I agree. I like his game, nice player.


----------



## qwerty (Oct 26, 2004)

> Originally posted by <b>lister333</b>!
> good run by pike..


Watching pike run reminds me of a retarded penguin. Anyone else think that?


----------



## lister333 (May 6, 2003)

bulls slow down the rythm.


----------



## lister333 (May 6, 2003)

rush with another three. bulls by 6 in the half.


----------



## bullsville (Jan 23, 2005)

> Originally posted by <b>Vintage</b>!
> 
> 
> What channel is this on?
> ...


It's on Channel 502.










Just kidding, I have NBA League Pass.


----------



## Vintage (Nov 8, 2002)

Who are the defensive wizzes guarding Rush and Hart?


----------



## Future (Jul 24, 2002)

> Originally posted by <b>Vintage</b>!
> Who are the defensive wizzes guarding Rush and Hart?


Pike got ****in manhandled by Rush


----------



## rwj333 (Aug 10, 2002)

Stephen Jackson just threw the worst pass I've ever seen. There was nobody with 10+ feet. I think he thought the referee was on his team- the ref had to jump out of the way.


----------



## VincentVega (Oct 12, 2003)

Hinrich needs to guard Rush the whole game. He killed him in college.

Jason Hart = hugely underrated.


----------



## BealeFarange (May 22, 2004)

I understand that Noc came in and played great ball in the second quarter...but didn't it seem weird to anyone that Luol didn't play until the final 30 seconds of the second quarter after a dazzling first quarter??

He looked annoyed on the bench. 

I guess that's what he gets for trying to create a layup from nothing right before he got pulled...and you know what, I'm okay with that. Before long, you'll hear me clamoring for Skiles to win coach of the year. 

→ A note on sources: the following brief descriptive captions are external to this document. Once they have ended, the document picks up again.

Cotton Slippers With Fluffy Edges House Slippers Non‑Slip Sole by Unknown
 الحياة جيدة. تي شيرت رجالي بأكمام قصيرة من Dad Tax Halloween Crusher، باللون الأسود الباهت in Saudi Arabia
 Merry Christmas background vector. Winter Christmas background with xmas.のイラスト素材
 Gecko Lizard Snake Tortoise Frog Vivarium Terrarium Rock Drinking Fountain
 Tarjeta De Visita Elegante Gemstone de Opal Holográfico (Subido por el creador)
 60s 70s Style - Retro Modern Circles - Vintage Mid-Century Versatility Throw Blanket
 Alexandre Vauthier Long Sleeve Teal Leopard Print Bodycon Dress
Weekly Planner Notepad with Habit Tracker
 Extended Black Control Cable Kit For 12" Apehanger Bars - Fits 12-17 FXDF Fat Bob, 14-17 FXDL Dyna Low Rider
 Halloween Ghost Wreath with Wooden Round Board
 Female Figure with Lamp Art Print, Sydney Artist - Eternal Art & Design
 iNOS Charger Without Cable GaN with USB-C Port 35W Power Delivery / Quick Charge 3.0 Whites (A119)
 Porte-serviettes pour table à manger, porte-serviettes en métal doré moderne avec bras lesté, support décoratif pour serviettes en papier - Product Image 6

Winning does strange things...


----------



## airety (Oct 29, 2002)

In Sporting News' midseason report, they have Skiles #2 behind McMillan for Coach of the Year.

Reasoning? It's a lot to do with the players, the tradition, and the circumstances. I guess anyone who gets the Bulls over .500 is looking at top 5 Coach of the Year


----------



## Killuminati (Jul 30, 2002)

Man the Bobcats are a pain in the ***. Every time the Bulls started to pull ahead, they came right back.  

Rush and Hart are torching us which really says it all.  Hopefully we can put 'em to bed in the 2nd.


----------



## dkg1 (May 31, 2002)

> Originally posted by <b>lister333</b>!
> good run by pike..


but he's got to play defense


----------



## lister333 (May 6, 2003)

slow start!!!! we need a spark!!


----------



## madox (Jan 6, 2004)

> Originally posted by <b>BealeFarange</b>!
> I understand that Noc came in and played great ball in the second quarter...but didn't it seem weird to anyone that Luol didn't play until the final 30 seconds of the second quarter after a dazzling first quarter??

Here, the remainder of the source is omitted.